XNU is the kernel that has the high-level or low-level, depending on your perspective, implementation of some of the primitives that are used by the LibC project. The Open Group has a nice website with the single-unit specification that we kind of model, and if you want to go there and get a nice bookmark there page for the Pthreads API, it's a fairly good reference. And the News Group Comp Programming Threads is where a lot of Pthreads experts like to hang out.

I'll talk a little bit now about the Carbon MP API. It's one of the high-level APIs that lives on top of the Darwin POSIX threads. One of the notions that is a little bit different in Carbon is the MP tasks are what I was referring to as threads previously.

So in Classic, you had MP tasks that ran in a process's address space, and those are basically what I've been referring to as threads. A difference between Classic and Mac OS X, obviously, is you now have separate address spaces, so MP tasks won't be able to communicate like they could in Classic between multiple address spaces, so you have to be aware of that.

Like all the thread APIs, there's several mechanisms that exist to coordinate MP tasks. There's semaphores, which are simple signaling mechanisms. Message queues, which allow you to create fairly complex worker-client implementations. There are event groups, so you can wait for lots of different signals to happen using a single entry point. There's also critical regions, where if you have a set of code that you only want one thread to be in at a time, you can specify that as a critical region. It also provides recursive entry, so it knows that the same thread can enter that critical region.

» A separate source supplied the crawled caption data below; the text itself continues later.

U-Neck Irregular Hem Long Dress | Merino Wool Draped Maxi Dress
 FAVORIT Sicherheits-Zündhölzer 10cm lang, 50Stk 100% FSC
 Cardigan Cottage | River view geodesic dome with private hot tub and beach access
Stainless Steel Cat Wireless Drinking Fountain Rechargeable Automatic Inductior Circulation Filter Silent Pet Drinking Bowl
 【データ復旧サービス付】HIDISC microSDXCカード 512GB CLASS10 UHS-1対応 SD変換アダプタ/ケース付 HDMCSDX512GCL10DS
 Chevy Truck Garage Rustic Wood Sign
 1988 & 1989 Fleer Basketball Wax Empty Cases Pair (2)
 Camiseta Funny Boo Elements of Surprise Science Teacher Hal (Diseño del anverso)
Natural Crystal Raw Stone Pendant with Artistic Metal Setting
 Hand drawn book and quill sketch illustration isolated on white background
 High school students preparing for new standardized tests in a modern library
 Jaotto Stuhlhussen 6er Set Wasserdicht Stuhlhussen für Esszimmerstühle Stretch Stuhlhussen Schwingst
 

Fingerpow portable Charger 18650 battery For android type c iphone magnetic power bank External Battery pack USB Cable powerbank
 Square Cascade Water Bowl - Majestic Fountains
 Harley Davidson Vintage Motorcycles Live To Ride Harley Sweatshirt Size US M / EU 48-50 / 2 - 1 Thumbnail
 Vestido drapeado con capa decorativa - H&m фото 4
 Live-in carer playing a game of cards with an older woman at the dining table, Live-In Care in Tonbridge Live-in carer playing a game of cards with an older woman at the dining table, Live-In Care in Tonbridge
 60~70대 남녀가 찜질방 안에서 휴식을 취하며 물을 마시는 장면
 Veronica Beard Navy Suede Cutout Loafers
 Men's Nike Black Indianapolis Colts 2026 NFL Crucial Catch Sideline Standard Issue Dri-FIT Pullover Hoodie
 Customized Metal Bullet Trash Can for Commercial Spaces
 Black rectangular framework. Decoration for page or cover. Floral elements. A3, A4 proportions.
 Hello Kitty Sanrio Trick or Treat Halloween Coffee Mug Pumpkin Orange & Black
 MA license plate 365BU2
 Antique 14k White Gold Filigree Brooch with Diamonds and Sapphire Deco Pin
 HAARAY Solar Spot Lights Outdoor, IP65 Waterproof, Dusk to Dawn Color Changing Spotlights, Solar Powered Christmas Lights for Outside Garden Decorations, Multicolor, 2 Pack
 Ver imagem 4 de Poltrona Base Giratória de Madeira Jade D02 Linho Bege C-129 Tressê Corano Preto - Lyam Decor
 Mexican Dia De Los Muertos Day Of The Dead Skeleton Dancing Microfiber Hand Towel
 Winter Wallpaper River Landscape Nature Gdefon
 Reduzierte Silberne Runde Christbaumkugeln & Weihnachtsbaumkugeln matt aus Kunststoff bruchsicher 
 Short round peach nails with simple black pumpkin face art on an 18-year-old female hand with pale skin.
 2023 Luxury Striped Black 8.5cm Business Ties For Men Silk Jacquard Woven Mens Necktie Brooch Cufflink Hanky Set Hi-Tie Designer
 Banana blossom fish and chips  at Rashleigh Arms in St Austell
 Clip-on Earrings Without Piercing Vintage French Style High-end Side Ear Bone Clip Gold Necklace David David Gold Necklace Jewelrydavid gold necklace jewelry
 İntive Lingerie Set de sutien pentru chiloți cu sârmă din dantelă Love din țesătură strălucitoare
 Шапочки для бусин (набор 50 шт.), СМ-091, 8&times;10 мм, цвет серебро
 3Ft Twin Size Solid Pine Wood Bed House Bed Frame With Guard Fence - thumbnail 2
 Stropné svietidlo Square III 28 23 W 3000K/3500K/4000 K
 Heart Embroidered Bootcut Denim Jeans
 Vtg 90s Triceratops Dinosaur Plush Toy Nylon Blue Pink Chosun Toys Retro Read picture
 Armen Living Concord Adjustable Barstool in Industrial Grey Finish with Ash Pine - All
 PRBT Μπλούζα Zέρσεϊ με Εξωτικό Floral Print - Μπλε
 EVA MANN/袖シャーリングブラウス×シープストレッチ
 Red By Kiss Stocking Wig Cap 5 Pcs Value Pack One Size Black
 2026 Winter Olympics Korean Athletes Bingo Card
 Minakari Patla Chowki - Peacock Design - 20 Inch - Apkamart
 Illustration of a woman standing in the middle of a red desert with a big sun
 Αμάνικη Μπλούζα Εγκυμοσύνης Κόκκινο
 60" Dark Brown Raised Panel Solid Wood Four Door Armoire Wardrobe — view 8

The MPTask API also provides some handy atomic increment/decrement operations. So if you have a very common operation like a reference count that you want to increment or decrement, rather than taking a full-blown lock, changing the variable and unlock, you can just use one of these atomic operations. Examples of the APIs in Mac OS X that use the MPTask are the Synchronous File Manager and OpenTransport. Both take advantage of this API. The Carbon API has a list of thread-safe services, and that's documented in Tech Note 2006, if you want to take a look at that.

Next I'll talk about Cocoa Threads, another high level thread API, kind of a peer to the Carbon threading. NSThread is the Cocoa Thread class. It's very simple to use. There's very few APIs that you have to learn to use this. Most threading models have the notion of a start function. So in Objective-C you have a start method that your class will implement. In NSThreads, they keep track of the Objective-C exception model. So when you raise an Objective-C exception, that raise occurs in the specific NSThread rather than kind of throughout the whole process.

There's an exit notification, which is kind of like the joining mechanism I talked about. When a thread exits, you may just want to know that it's gone away, so you can register for that notification through the normal Cocoa notification mechanisms. Each NS thread also has a per-thread dictionary.

So this is kind of an extension of the notion of per-thread data, where a thread can have a set of data that's just for that specific thread. And in Cocoa, we provide a nice little wrapper that lets you put an object-oriented NSDictionary on top of that data for key value type access.

There's an AppKit extension in NSThreads which basically is a hint to the system that says I'm going to be creating a background thread that may be doing some drawing. So if you look in the NSApplication class, it's called DetachedDrawingThread. And that's, like I said, it's basically a hint to the system that lets it know that the main thread may need to respond to requests from this background thread to do drawing operations.

Each NSThread has a separate run loop. So you may see some interesting behavior that you have to worry about where if you post a notification, it doesn't go to the full application run loop, the main run loop that the event handling is occurring in. It only goes to your thread's run loop.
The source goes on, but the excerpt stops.